AUTEUR DES MOIS DE juin & juillet 2019


Maryse Condé est née en1937, à Pointe-à-Pitre (Guadeloupe), dans une famille bourgeoise noire de huit enfants. Elle a été élevée dans la culture française classique. Sa mère était institutrice et son père commerçant.

En 1950, l'année de ses 16 ans, elle part étudier à Paris, au Lycée Fénelon.
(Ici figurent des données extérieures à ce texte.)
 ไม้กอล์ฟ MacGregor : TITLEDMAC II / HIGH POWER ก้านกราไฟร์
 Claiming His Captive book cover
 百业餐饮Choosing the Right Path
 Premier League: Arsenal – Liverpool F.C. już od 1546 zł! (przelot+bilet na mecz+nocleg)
C'est à Paris (Sorbonne) qu'elle continuera ses études, souffrira des comportements racistes et commencera à documenter et théoriser son analyse de la situation des Noirs et des Blancs en général, des Antillais en particulier. Elle commence à écrire.

En 1958, elle épouse l'acteur guinéen Mamadou Condé dont elle gardera toujours le nom, mais le mariage lui, ne durera pas. Elle devient professeure de français en Côte d'Ivoire, mais doit quitter le pays pour Londres en 1966, pour travailler au service Afrique de la BBC. Elle retournera à Ghana en 1969, puis ce sera le Sénégal avant un retour en France, la reprise des études et le travail à « Présence africaine », la revue et la maison d'édition panafricaine.
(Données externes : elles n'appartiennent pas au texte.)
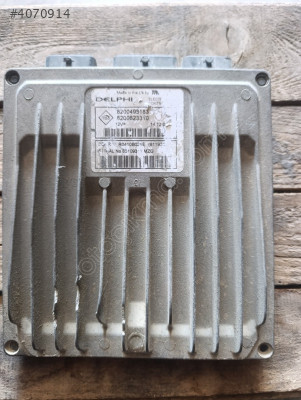 8200498183 Renault Dacia motor beyni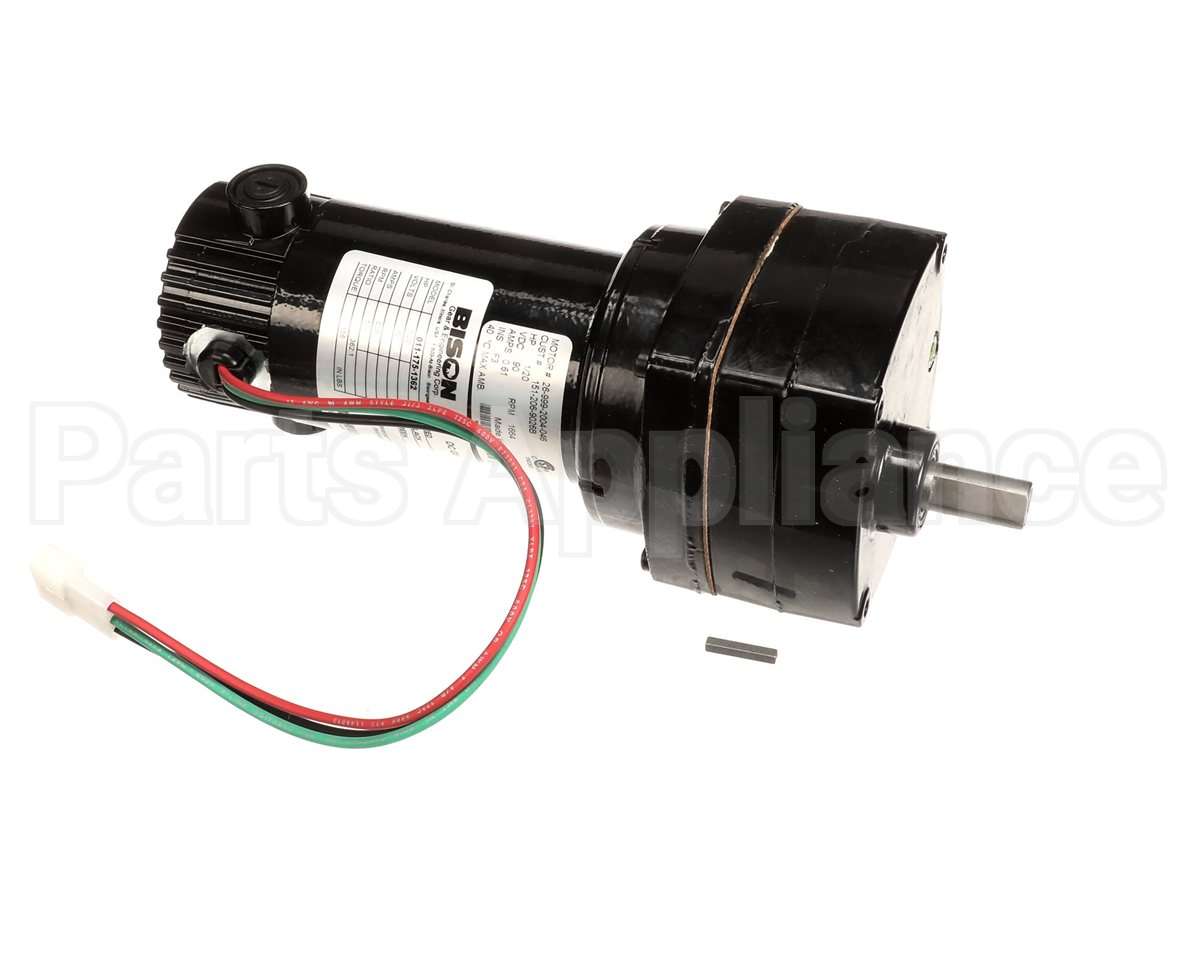 SP 4117-05 Xlt Ovens Conv Mtr Assy 5 Rpm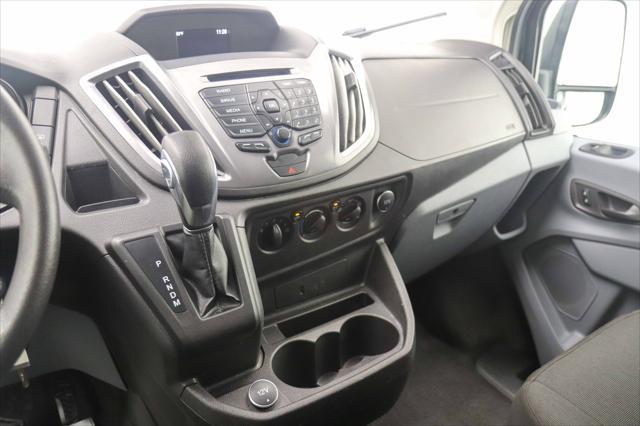 used 2018 Ford Transit-350 car, priced at $26,500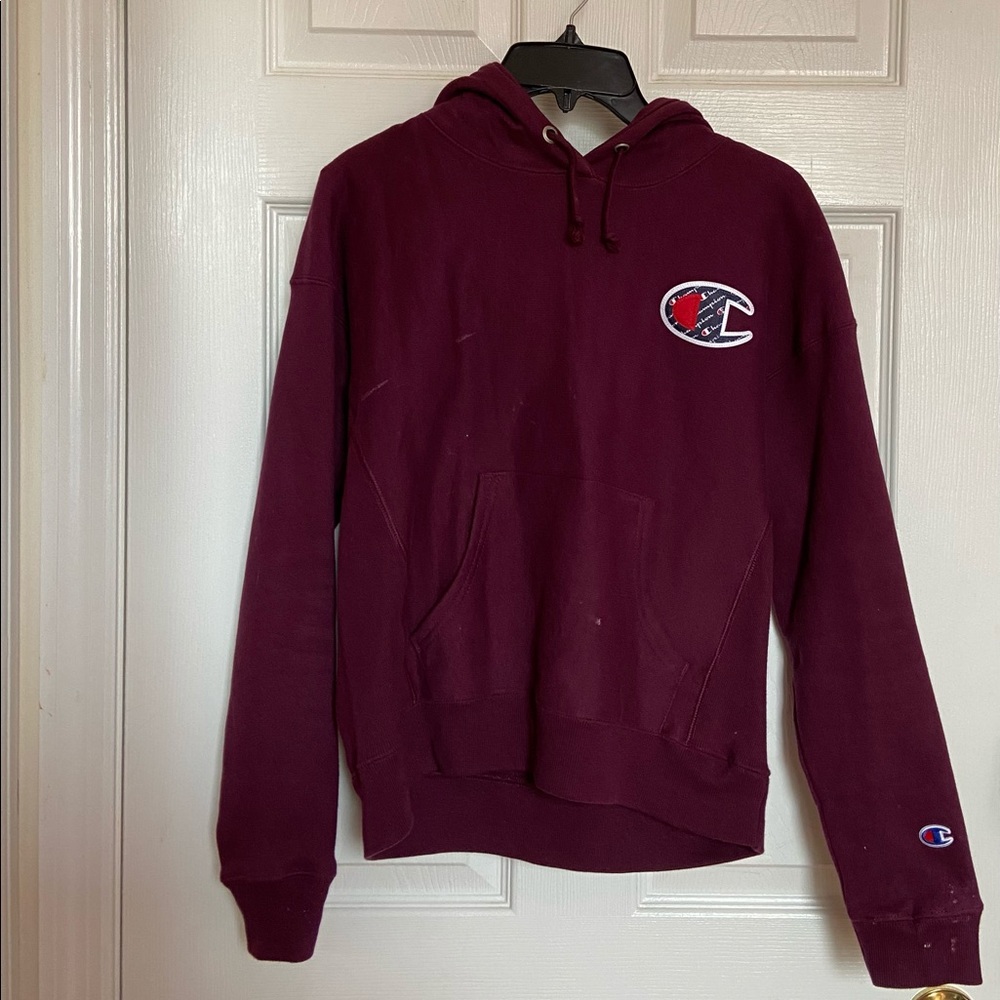 Champion hoodie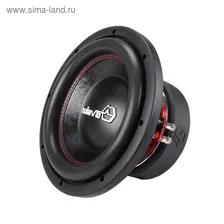 Сабвуфер Ural Bulava 10 V2, 10", 2+2 Ом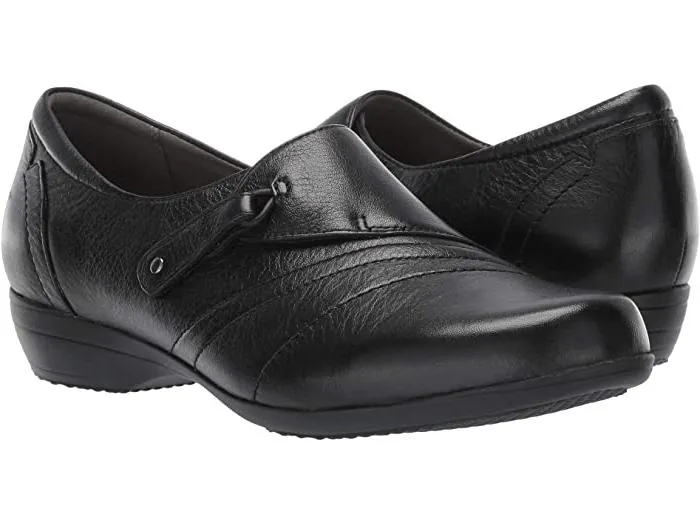 Franny | Milled Nappa | Black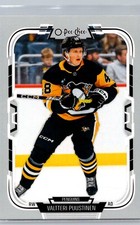 2025-26 O-Pee-Chee #19 Valtteri Puustinen Pittsburgh Penguins
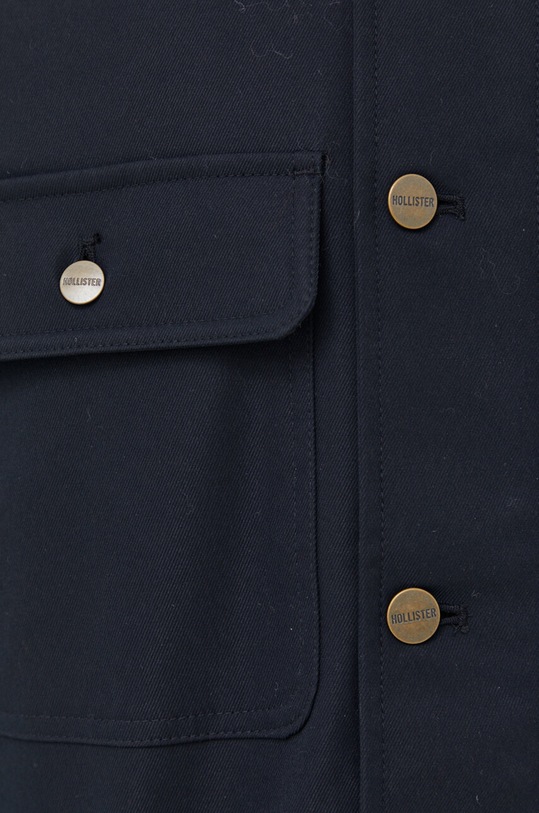 Bunda Hollister Co. KI332.3083.900 čierna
Son premier roman publié, Heremakhonon paraîtra en 1976, mais sera mal reçu. Elle ira aux USA et rencontrera des militantes noires, puis de retour, épousera Richard Philcox en 1981. Ségou paraît en 1984, et cette fois, c'est un succès, après lequel elle va retourner en Guadeloupe et se "réconcilier avec (m)on île". Elle continuera sa carrière en alternant romans, théâtre, conférences et essais.

De nombreux prix ont été attribués à Maryse Condé tout au long de sa carrière et en 2018, année sans Prix Nobel de Littérature officiel, le Nobel dit « alternatif » lui a été décerné.
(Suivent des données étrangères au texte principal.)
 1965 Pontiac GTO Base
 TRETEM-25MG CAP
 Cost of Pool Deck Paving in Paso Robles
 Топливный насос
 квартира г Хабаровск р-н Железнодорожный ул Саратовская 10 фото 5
Ados: Rêves amers - Maryse Condé

Dès 12 ans
Note :

   Maryse Condé a écrit plusieurs livres de littérature jeunesse, pour ados ou des enfants plus jeunes, tous de qualité et que je conseille pour faire découvrir de l'intérieur et avec une totale véracité, d'autres façons de vivre, sous d'autres cieux. Ce que j'apprécie aussi, c'est qu'elle conserve dans ces exercices la qualité de son style, simplifié certes, mais toujours littéraire. Il est bon que les enfants ou adolescents aient une écriture de qualité à se mettre sous les yeux, ce qui se fait sans peine quand elle habille une histoire qui les intéresse.
   
   C'est le cas ici, et ils ne mettront pas longtemps à s'attacher à Rose-Aimée, petite Haïtienne de douze ans dont la famille, comme beaucoup d'autres autour d'eux, connaît une misère qui atteint la famine. C'est pour cela qu'elle sera envoyée comme petite bonne chez une dame de la ville. Elle s'y rend seule, en bus, et durant le trajet, fera connaissance d'une autre enfant dans la même situation. Toutes deux se retrouveront plus tard dans le fil du récit. Entre temps elles auront fait l'expérience de ce qu'il faut bien appeler l'esclavage moderne.
   
   Ce livre est donné par l'éditeur comme convenant à des enfants de dix ans et il est vrai que la lecture de ce texte ne présente pas de difficulté supérieure. Cependant, mon avis est que la fin tragique convient mieux à des adolescents, qui y trouveront leur compte et s'intéresseront sûrement à cette histoire poignante, réaliste et éclairante sur ce qu'est la vie quotidienne dans les pays de misère.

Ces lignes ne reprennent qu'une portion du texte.